Siderite formed early in the diagenetic history at low temperature (20–40°C) from mixed marine/meteoric waters. Ankerite formed at a higher temperature (70–80°C) in the Latest Cretaceous—Early Tertiary from waters of meteoric and marine origin with a significant influence of shale-derived fluids. Siderite and ankerite are sporadically distributed and affect only minor volumes of sediments. Conversely, calcite cement is volumetrically significant at field scale (≈1%). The calcite is ferroan and occurs as inter- and intragranular poikilotopic cement. Textural relationships indicate that it postdates all other diagenetic cements but dickite. Aqueous and hydrocarbon fluid inclusions yield formation temperatures (90–110°C) close to present-day reservoir temperatures. Combined with the reconstructed thermal and oil-filling history of the reservoir, this implies that calcite cementation occurred in the past 40 Myr and simultaneously with oil emplacement. Calcite is characterized by consistently low δ18O (≈−15‰ PDB) and δ13C (≈−12‰ PDB) values, reflecting primarily a high formation temperature and organic sources of carbon, and by elevated 87Sr/86Sr ratios (av. 0.7119). δ18O and 87Sr/86Sr values indicate that calcite-forming fluids were isotopically similar to present-day formation fluids.

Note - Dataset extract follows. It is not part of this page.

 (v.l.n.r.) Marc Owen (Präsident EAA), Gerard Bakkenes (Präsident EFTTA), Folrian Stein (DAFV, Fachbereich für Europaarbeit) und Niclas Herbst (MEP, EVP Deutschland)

They acquired their isotopic signature following pervasive dissolution of feldspars prior to calcitization and, possibly, as a result of the introduction of oil-accompanying basinal brines in the reservoir.

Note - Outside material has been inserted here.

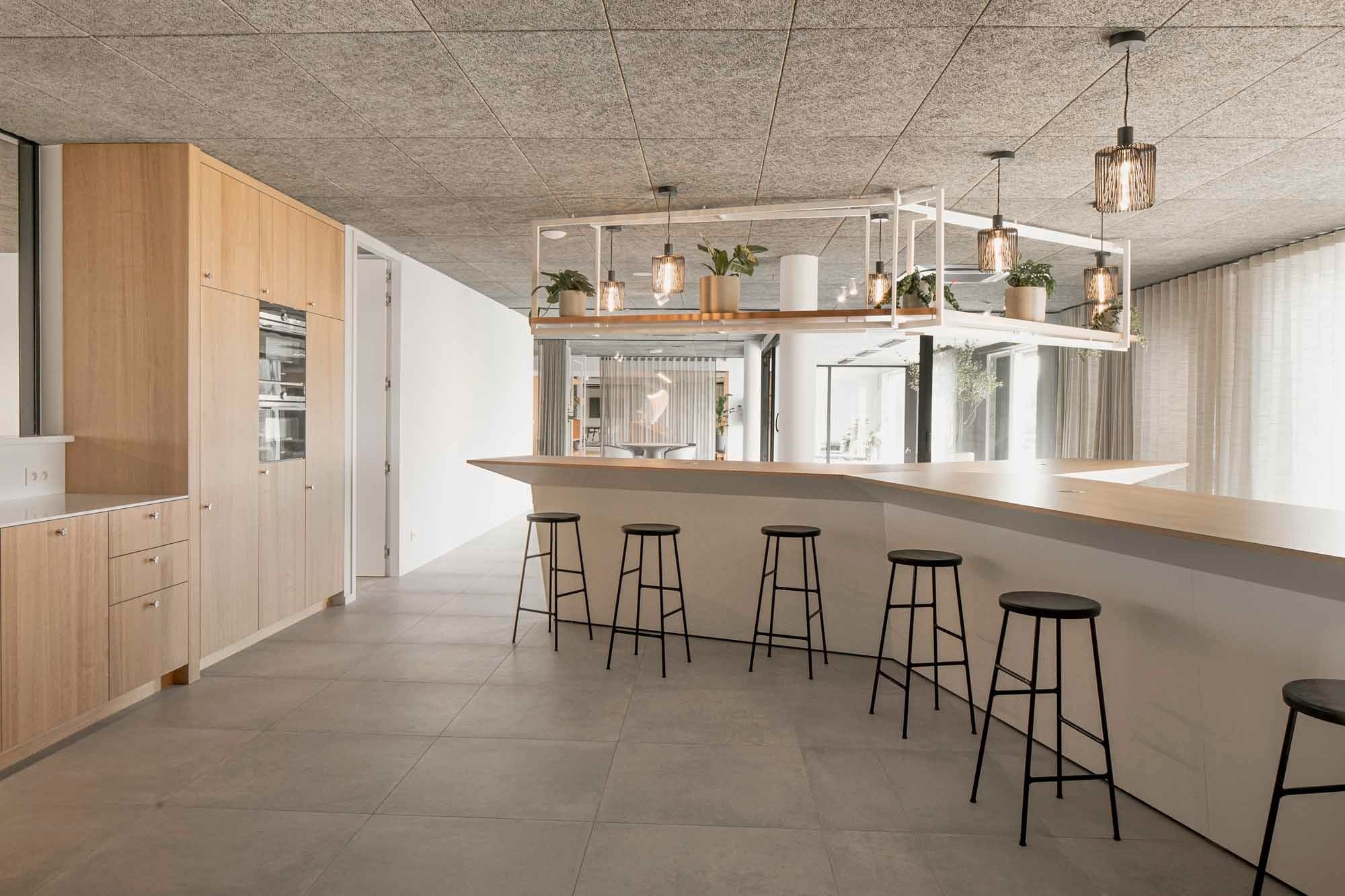 anegre wood - anegre veneer - Van Tornhaut Aalter - kitchen - veneer kitchen - kitchen bar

Calcite-cemented intervals are heterogeneously distributed within the field. They are a few metres thick, with lateral extents no greater than a few kilometres. The amount of Ca necessary to form the <1% calcite present in the reservoir is small and compatible with either internal or external sources. The exact source of Ca could not be pinpointed, nor could the mechanism of reconcentration in specific intervals. REE compositions of calcite samples, however, suggest that trace elements originated from local and variable sources, and support the prevalence of relatively closed conditions during calcite cementation.